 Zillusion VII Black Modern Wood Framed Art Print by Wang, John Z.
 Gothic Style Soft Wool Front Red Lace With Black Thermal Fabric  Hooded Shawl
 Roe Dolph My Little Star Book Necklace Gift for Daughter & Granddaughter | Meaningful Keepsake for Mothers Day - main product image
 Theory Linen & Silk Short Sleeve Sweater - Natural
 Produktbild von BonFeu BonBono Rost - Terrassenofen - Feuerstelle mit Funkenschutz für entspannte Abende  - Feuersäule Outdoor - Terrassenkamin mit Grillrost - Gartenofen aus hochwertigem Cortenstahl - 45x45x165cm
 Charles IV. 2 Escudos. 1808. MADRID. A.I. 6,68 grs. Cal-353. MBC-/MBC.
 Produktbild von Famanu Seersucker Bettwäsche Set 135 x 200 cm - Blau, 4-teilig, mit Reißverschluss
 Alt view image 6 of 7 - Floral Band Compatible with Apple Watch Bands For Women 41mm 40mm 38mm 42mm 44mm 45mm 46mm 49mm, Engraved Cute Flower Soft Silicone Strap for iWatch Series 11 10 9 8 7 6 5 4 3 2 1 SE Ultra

● ● ● ● ● ● ●

◆ **BRIEF**: Lines with the string "Black": pick each one out of the material and return it.

◆ **RESULT OF THIS EXERCISE**:
 Zillusion VII Black Modern Wood Framed Art Print by Wang, John Z.
 Gothic Style Soft Wool Front Red Lace With Black Thermal Fabric  Hooded Shawl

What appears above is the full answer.